● PROBLEM REQUIREMENTS:
An exact copy of the lines of the listing below between the "Modern Wooden Coffee" line and the "Yin & Yang Tasarım Unisex Beyaz" line, both included, is the whole answer; please omit the pictures.

● DATA FOR PROCESSING:
####

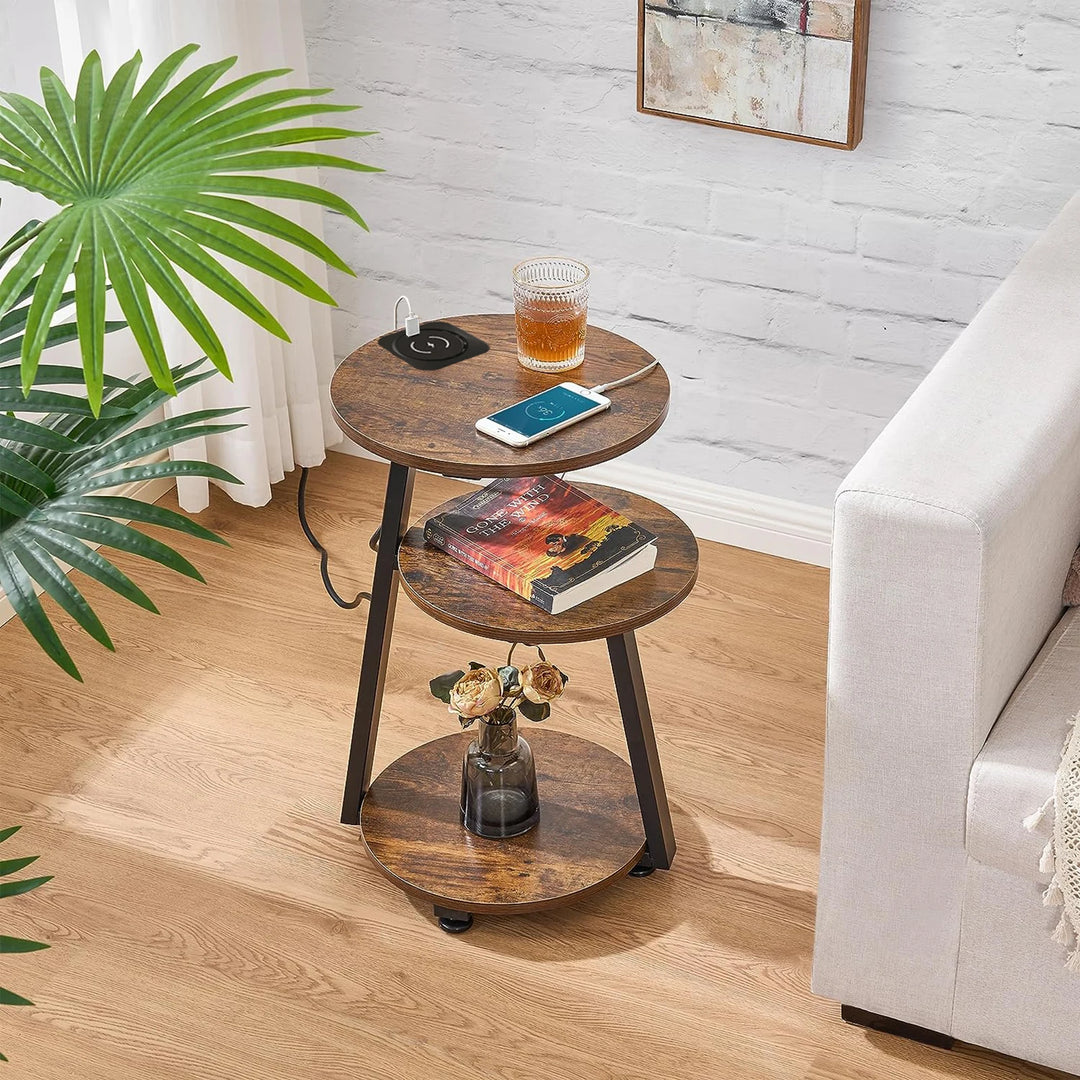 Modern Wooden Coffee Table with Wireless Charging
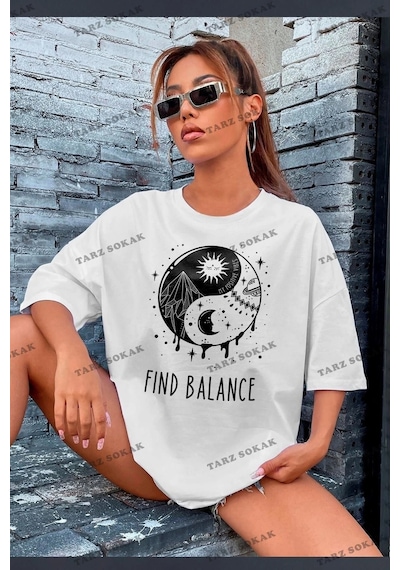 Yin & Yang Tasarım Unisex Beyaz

####

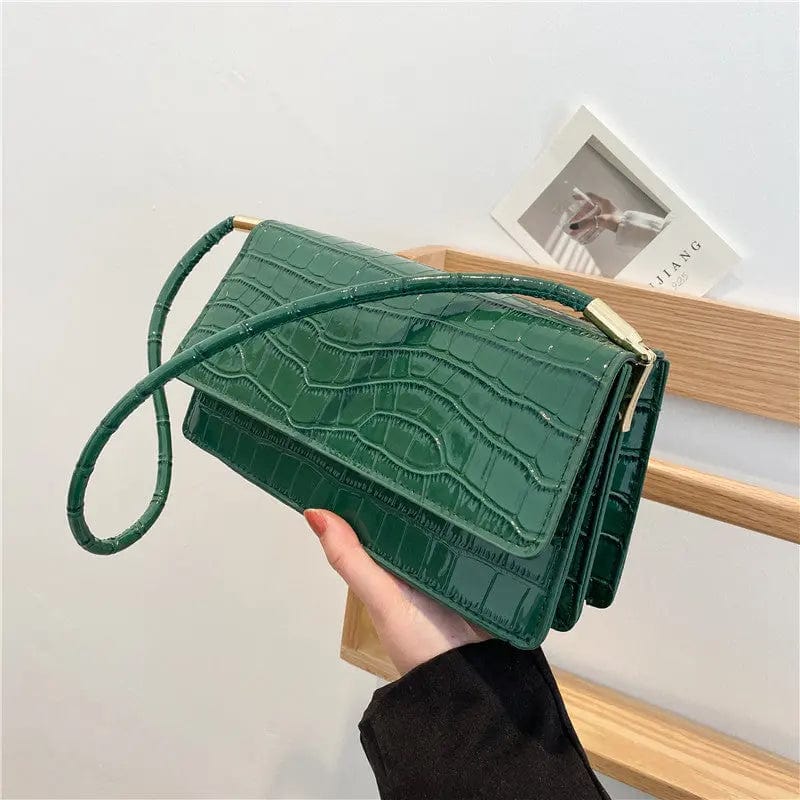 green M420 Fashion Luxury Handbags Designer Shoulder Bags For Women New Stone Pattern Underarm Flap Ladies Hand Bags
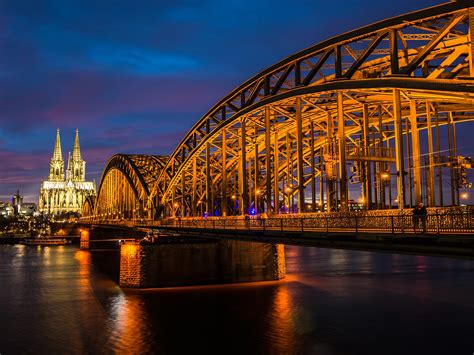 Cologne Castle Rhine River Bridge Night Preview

####

● OUTPUT OF THE TASK:
 Modern Wooden Coffee Table with Wireless Charging
 Yin & Yang Tasarım Unisex Beyaz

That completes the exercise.